As I said, the core elements of the game are very similar to the original – you have a left-click attack and a right-click skill which can also be an attack. As you advance in levels you gain more active slot areas to swap between, making it easier to access different ways to defeat enemies – which will be needed as you progress! You will learn which enemies are resistant to certain types of attacks and learn what works. As you progress your enemies will also advance – but this is done in the ‘right’ way, unlike Oblivion.
Of course, for many fans of the action-RPG genre, the single player mode is like a tutorial, while the multiplayer is what will keep them going for years. The original game is still actively played by many (as is Diablo 2 for that matter!), and Ascaron has delivered an excellent online experience that will keep folks playing for quite a while. There were some initial issues with the lobby system, ping and matchmaking, but the patches seem to have worked most of those out. Featuring up to 16 players, the online mode allows you to gather up with a bunch of people to complete quests – it is not on the scale of MMO’s, but it definitely delivers a fun time for a group of like-minded gamers.

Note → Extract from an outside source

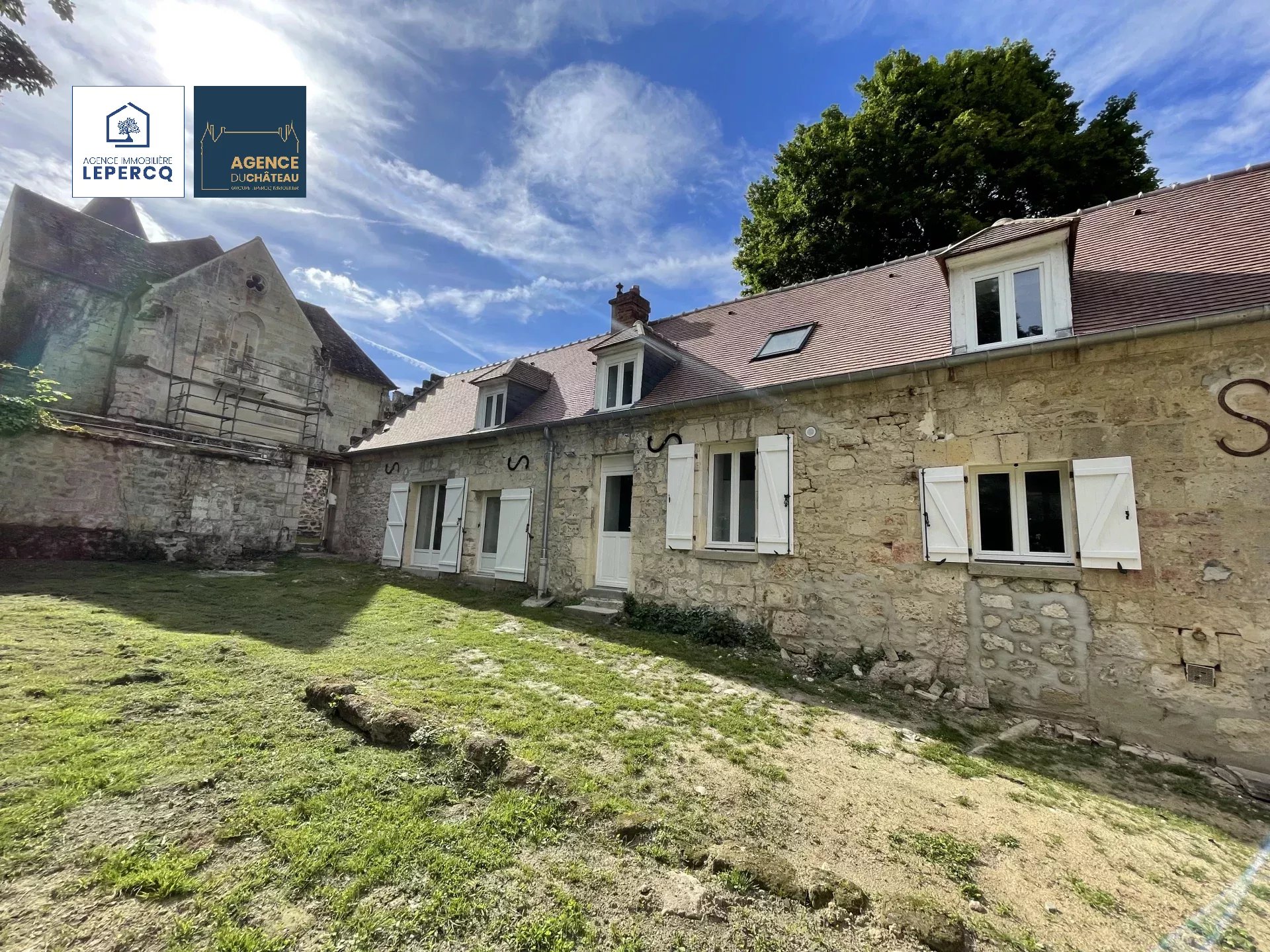 Location Maison Soissons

I cannot stress enough just how much fun this game is – so long as you enter with your eyes open. This is not The Witcher – don’t be looking for writing or dialogue or a plot of epic scope. There is plenty of stuff to do, humor throughout, some interesting things to uncover, but mostly it is about taking on a huge amount of quests with nearly unlimited freedom as to how you approach them, and killing all sorts of enemies along the way. It is a blast, and I highly recommend it!
Pros:
+ Looks great
+ Huge area to explore
+ An absolute blast to play
+ 16-player multiplayer is huge
Cons:
– Not enough playable characters / customization
– Patching process is extremely frustrating
– Still too much bugginess
Game Info:
Platform: PC
Publisher: cdv Software Entertainment USA
Developer: Ascaron Entertainment
Release Date: 11/11/08
Genre: Action-RPG
ESRB Rating: Mature
Players: 1-16
Mike, thanks for the review. I’m glad Sacred 2 is as good as the original since that was one of my favorite games. But PLEASE stop saying Sacred was a Diablo-type game. It was not. I absolutely HATE Diablo 2, Dungeon Seige 2, and Titan Quest and could not stand to play more than about 20% of each of those games. But I played Sacred to completion FIVE times! I loved it. I recall that even on the box they had comment saying something like “this game is not like Diablo!” They were right. The main difference is that it is copmpletely open, which I practically insist upon in a RPG, while the Diablo-type games are terribly geographically linear, which I hate. Also they have that stupid incremental item system that I also hate. And the story-lines are just boring. Sacred had its faults, but it was a million times better in every way than any Diablo-type game. I can’t wait to play Sacred 2, but with those impossibly huge patch downloads (and I have dial-up!) I will probably wait for them to hopefully publish a completely patched “gold” edition. They did for the original.
I am no fan of Diablo – in fact, my wife gave it to me in ’96 when it was released, after having been a FPS-only guy for years (and not having played a RPG since the early 80’s Apple ][+ stuff). I hated it enough that the next RPG I bought was the Mac version of Neverwinter Nights in summer of 2003. But I cannot see that there is any way to dispute that Sacred falls in the direct lineage of Diablo – action-RPG with lite RPG elements, lite quests, focus on loot, and so on. But at the same time I agree – I went back replayed the Diablo games in 2006 and *still* didn’t like them, but liked Sacred quite a bit!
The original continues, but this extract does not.